FW: Bitmap index not used when joining tables

  • From: "Mark W. Farnham" <mwf@xxxxxxxx>
  • To: <oracle-l@xxxxxxxxxxxxx>
  • Date: Sat, 31 May 2014 15:24:17 -0400

hotel email bounce; trying again

 

From: Mark W. Farnham [mailto:mwf@xxxxxxxx] 
Sent: Saturday, May 31, 2014 3:14 PM
To: 'jonathan@xxxxxxxxxxxxxxxxxx'; 'oracle-l@xxxxxxxxxxxxx'
Subject: RE: Bitmap index not used when joining tables

 

I do wonder about what your results might be for these two queries if you
modified your query slightly as:

 

select 

--+ gather_plan_statistics

 s.* from sales_fact s

       where s.rowid in (

       select

       --+ no_merge

          s2.rowid from sales_fact s2

          where s2.date_id in (

          select 

          --+ no_merge

             d.date_id from date_d d

             where calendar_date between date'2013-12-31' and
date'2014-01-01'

          )

       );

  

The idea being that if the only column it needs in the unmerged subquery
(rowid) can be sourced from the index, this should be less total work.

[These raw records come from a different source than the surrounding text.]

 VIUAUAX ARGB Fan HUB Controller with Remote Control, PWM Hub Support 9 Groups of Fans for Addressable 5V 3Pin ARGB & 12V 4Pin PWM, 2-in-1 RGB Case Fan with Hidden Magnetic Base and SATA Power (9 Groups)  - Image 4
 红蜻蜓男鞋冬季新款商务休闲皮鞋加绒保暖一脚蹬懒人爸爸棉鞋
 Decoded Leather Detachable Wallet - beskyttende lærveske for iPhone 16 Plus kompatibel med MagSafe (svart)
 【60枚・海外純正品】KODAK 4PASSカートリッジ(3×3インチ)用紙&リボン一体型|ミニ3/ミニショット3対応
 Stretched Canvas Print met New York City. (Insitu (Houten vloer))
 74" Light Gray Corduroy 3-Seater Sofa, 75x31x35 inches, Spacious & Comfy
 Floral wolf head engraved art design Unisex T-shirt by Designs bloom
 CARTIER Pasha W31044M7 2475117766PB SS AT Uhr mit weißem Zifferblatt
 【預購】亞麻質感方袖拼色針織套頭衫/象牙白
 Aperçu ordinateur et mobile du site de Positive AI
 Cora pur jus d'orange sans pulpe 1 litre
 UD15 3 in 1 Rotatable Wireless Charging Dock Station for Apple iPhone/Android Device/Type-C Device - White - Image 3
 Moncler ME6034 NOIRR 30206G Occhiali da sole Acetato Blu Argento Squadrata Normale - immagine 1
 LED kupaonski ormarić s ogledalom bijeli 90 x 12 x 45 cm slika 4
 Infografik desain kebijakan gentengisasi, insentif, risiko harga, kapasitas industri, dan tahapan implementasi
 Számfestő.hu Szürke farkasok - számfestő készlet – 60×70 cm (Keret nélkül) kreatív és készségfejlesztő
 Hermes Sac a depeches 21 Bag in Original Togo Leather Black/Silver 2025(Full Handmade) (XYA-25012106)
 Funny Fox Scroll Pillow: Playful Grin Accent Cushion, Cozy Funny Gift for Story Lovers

Possibly this is also optimized if the subquery is ordered by rowid, but
that's not the curiosity at this point. Of course even if this works you
would only want to form it up this way when you knew it was to your benefit
(knowledge the CBO can only guess by way of the thumbrule quoted by JL, and
some other thumbrule for a literal range.)

 

I just typed this in and didn't test it, and working is release dependent,
so you and I got lucky if this works via cut and paste. Once debugged I
would sort of expect this to use the index in both cases to fetch back the
rowid list.

 

mwf

From: oracle-l-bounce@xxxxxxxxxxxxx [mailto:oracle-l-bounce@xxxxxxxxxxxxx]
On Behalf Of Jonathan Lewis
Sent: Saturday, May 31, 2014 1:11 PM
To: oracle-l@xxxxxxxxxxxxx
Subject: RE: Bitmap index not used when joining tables

 

 

It's not surprising for the example you've given. 

 

The basic principle is that the cost of a single table access via a bitmap
index is likely to be different from the cost of access via the equivalent
btree index because the bitmap index has no information about data
clustering (i.e no clustering_factor) so it uses a guess.  Sometimes this
means the cost of the bitmap will be higher, sometimes lower, sometimes the
same as for a btree.  In your case the btree clustering factor will be very
low (because of the order by in the CTAS) while the guess basically assumes
that 20% of the data will be very widely scattered - in your case that
probably means 400 blocks (20% of 2000 rows => 400 blocks).

 

 

 

   
Regards
Jonathan Lewis
http://jonathanlewis.wordpress.com
@jloracle 

  _____  

From: oracle-l-bounce@xxxxxxxxxxxxx [oracle-l-bounce@xxxxxxxxxxxxx] on
behalf of Chris Saxon [chris.saxon@xxxxxxxxx]
Sent: 31 May 2014 16:21
To: oracle-l@xxxxxxxxxxxxx
Subject: Bitmap index not used when joining tables

Hi, 

 

I've been testing using bitmap indexes on 11.2.0.2 EE. When joining two
tables on a column with a BTree index, the index is used in the execution
plan. If this index is changed to a bitmap index, Oracle no longer uses the
index when executing the query! It assigns a higher cost to using the bitmap
index when joining, despite this being a cheaper approach (in terms of
consistent gets).

 

To see this, I created a date dimension table with 515 days (rows) and a
sales fact table with 1,000 rows for each day:

 

create table date_d (

  date_id integer not null primary key,

  calendar_date date not null unique

);

 

create table sales_fact (

  date_id integer not null 

    references date_d (date_id),

  quantity number not null,

  total_value number not null

);

 

insert into date_d

  select rownum, date'2013-01-01'-1+rownum

  from   dual

  connect by level <= sysdate - date'2013-01-01';

  

insert into sales_fact

with rws as (select * from dual connect by level <= 1000)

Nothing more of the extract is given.